More on the 4C and Other Boundary Layers (From Other Blog)


Again with the high quality graphics, the Temperatures of Earth, (yes, I know there is a degree or so off here or there.)

Most understand the simple heat transfer barriers, insulation, gas to liquid contact, optics and radiant energy. RHC just defines all heat transfer in terms of time scales (changes in rates of change may be better). It is a simplification, probably not an ultimate solution, but a step in that direction.

I will be working on this from time to time to define simple RHC boundaries. One of the more interesting is the deep ocean 4C barrier. This is density barrier, above 4C sea water density varies with energy flow. Below the 4C barrier, temperature is relatively constant as heat flow is slow, tens of millinia and mirco Watts per meter squared. The effect is the appearance of near perfect conduction of heat, thermal equilibrium on a much longer time scale, that is a much tigher, denser, probability cloud, i,e, if it is easier to locate a packet of energy, its rate of change is less.

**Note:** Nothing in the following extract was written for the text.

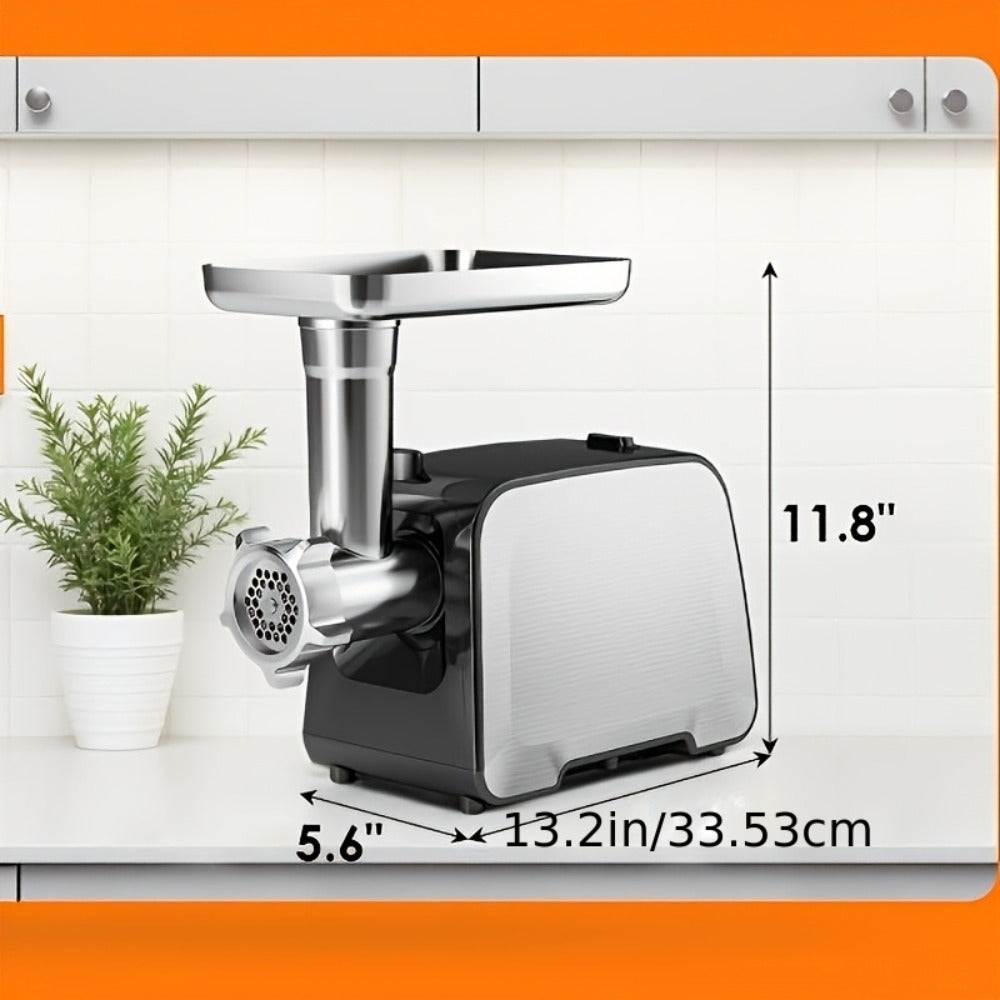 Heavy Duty Electric Meat Grinder & Sausage Stuffer ¨C Stainless Steel with 2 Blades, 2 Cutting Plates, Sausage Tube & Kubbe Kit for Home Butcher & Meal Prep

What is The 4C Thermal Boundary?


Selecting a frame of reference is more than just a choice of a point in space, it is a choice of space and time. The 4C boundary in the deep ocean is the point of maximum density of our saline ocean. From this boundary upward is the ocean atmopshere mixing layer. Heat is transfer is much greater speed than below the 4C layer. Below the 4C layer is the ocean crust mixing layer. Its heat transfer time scale is on the order of tens of millinia.

This is analogous to the tropopause, we the rate of heat transfer can be much greater than the rate of transfer of energy from the surface mixing layer to the tropopause.

Most studies of thermodynamic full cover thse issues with coefficients of heat transfer across a thermal barrier. Part of the description of the coefficient of heat transfer is the time restraints, but in normal applications, the time constraints can be simplified. In studying the Earth system, these time constrains are only negligable between one boundary per estimate. The relative impacts of the time constraints between two or more thermal boundariers has to be consider for correct estimates.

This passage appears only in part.